In its report on September 17, the Chinese International Capital Corporation commented that the collapse of the five meant the end of an era. Meanwhile, Jin Yanshi, Chief economist at Guojin Securities, remarked that a real crisis had yet to come.

On the night of September 18, the Ministry of Finance announced to abolish the stamp tax on buying shares. Later, the rumor that Central Huijin would buy shares in three state-owned banks was officially confirmed.

Then, on the night of October 8, the central bank cut interest rates and reserve requirement again, just several hours before the Fed. Central banks in Europe and Japan consecutively made similar announcements.

Not Like 1998
Since September, the National Development and Reform Commission (NDRC) had been urging local government to submit investment plans. "Railway and power grid should be the focus," said a source close to the Commission.

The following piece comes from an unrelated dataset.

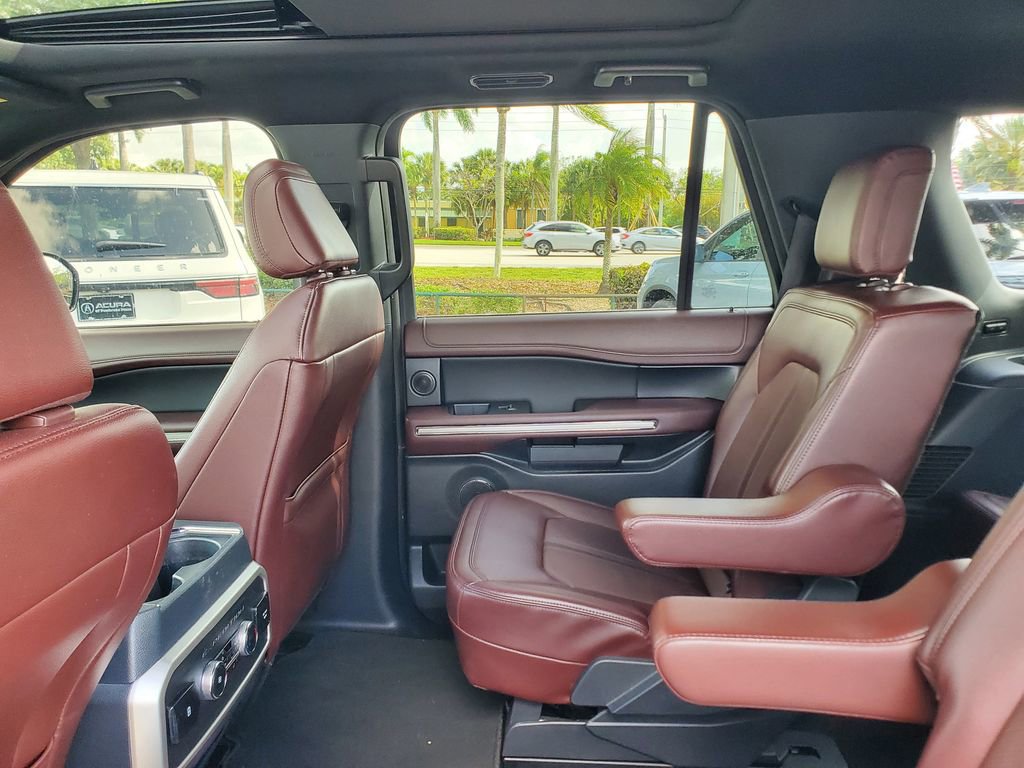 Used 2023 Ford Expedition Limited image 12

However, it would be unrealistic to launch investments as massive as those done in 1998, an NDRC official told the EO. He estimated the surplus revenue this year at RMB 1 trillion, and suggested that if just 5% of that could be allocated for investment it be "pretty good".

Officials who had experienced the last round of expansive fiscal policies were especially prudent. "We can't repeat what we did in 1998. At that time, we made huge investment in fixed assets to guarantee GDP growth. The result is that though GDP and exports grew, consumption continued to shrink," said Liu Shangxi, deputy director of the MOF's research institute.

That year, the MOF issued RMB 100 billion of long-term treasury bonds for construction projects.

Official date showed that by the end of 2000, altogether 6,620 government-invested projects were launched, and the total investment amount in fixed assets had reached RMB 1.5 trillion.

Purportedly, between 1998 and 2000, China had a weekly investment of USD 2 billion mainly in highways, railways, airports and grain stock houses.

Liu suggested to invest more in projects closely related to people's livelihoods, such as housing and rural hospitals. Consumption could only be stimulated when people's welfare was guaranteed, he said.

Standard Charter's senior economist Stephen Green agreed that China would not follow in the steps of 1998. This time, he said, China might have to invest more to achieve the same effect as in 1998, because investment in education, health and social securities, which took up a big portion in its total investment, drew little traction with private capital.